= Kino FM (98.0 FM – Moscow) =

Кино́ FM (98 FM — 98 хито́в) /ru/, in English Kino FM (98 FM — 98 hits) was a Moscow music radio station broadcasting all day in FM at a frequency of 98.0 MHz. Kino FM - owned and operated by United Media (now ) of Vladimir Lisin - started broadcasting in 2007 as a thematic radio station dedicated to the film industry. In the beginning they used to transmit programmes with films information, programmes about cinema stars, film history and everything related to the world of cinema. The broadcast songs were about Russian and foreign films. On the night of 26–27 October 2008, the radio format changed, specially about music; then radio broadcasts were based on recent music of Russian and foreign artists or bands. Kino FM's last jingle was "98 FM - 98 Hits" but the official name of the station was the same as it was in the beginning - "Кино́ ФМ Москва́" (literally - "Cinema FM" of Moscow), which sounds in the late night jingle, in the beginning of the new day hours.
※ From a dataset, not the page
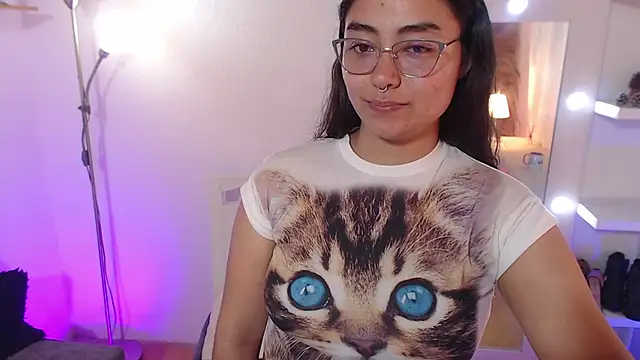  Kim  M online show from November 2025 06:52:01 PM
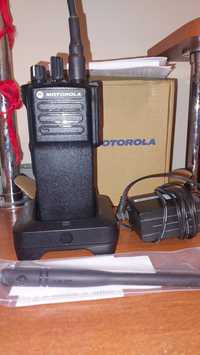 Моторола    DP4400e VHF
On 22 December the radio had its last transmission, changing at midnight on 23 December to broadcast as a new radio station, Radio Shokolad /ru/.

== Programmes ==
Besides music, there were thematic programmes with production of their own, at the 20th minute of each hour of broadcasting:
- «Исто́рии любви́» (Love Story)
- «Геогра́фия кино́» (Cinema's Geography)
- «Исто́рия кино́» (History of Cinema)
- «Путеше́ствия» (Travel)
- «Тест-драйв» ("Test-drive")
- «Рестора́нные но́вости». (Restaurant News)

=== Other minor programmes ===
At the 10th minute there was a small production, called "Автор жжёт" (/ru/, literally - Author burn), where a professional actor read the lyrics of a random Russian music song which was no longer broadcast.